DISCOURS INTRODUCTIF

DU MINISTRE DE L’ADMINISTRATION DU TERRITOIRE ET DE LA  DECENTRALISATION

 

 A L’OUVERTURE DU SEMINAIRE

 

SUR LA MISE EN ŒUVRE DE LA DECENTRALISATION

 EN REPUBLIQUE CENTRAFRICAINE.

 

 

 

Mesdames et Messieurs, très chers participants,

 

Historiquement, la République centrafricaine, Pays de BOGANDA, Président Fondateur, Pays de BOZIZE, Président de la République, Chef de l’Etat, disposait déjà en 1958 des collectivités territoriales dirigées par de membres élus, en vertu de la loi cadre de juin 1956 accordant l’autonomie administrative au territoire d’outre mer.

Afin d’adapter les collectivités territoriales aux exigences d’une nation naissante, il était apparu nécessaire d’engager certaines réformes. Ce fut le cas des celles qui furent introduites par les lois 64.32 et 64.33 du 20 novembre 1964 qui devaient créer les communes rurales, les communes de moyen exercice et de plein exercice dotées d’une autonomie financière accrue. Globalement, ces collectivités territoriales fonctionnaient bien.

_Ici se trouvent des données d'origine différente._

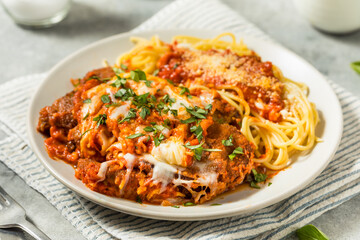 Italian Homemade Eggplant Parmesan Pasta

Des offices Régionaux de Développement (ORD) étaient opérationnels, de même que des coopératives dont la mission consistait à appuyer l’agriculture, l’élevage, la pèche et à promouvoir les échanges commerciaux entre les différentes préfectures de la RCA et les états voisins.

Le développement intégré autour des cultures de rente comme le coton et le café, facilitait la création des infrastructures de base au profit des populations.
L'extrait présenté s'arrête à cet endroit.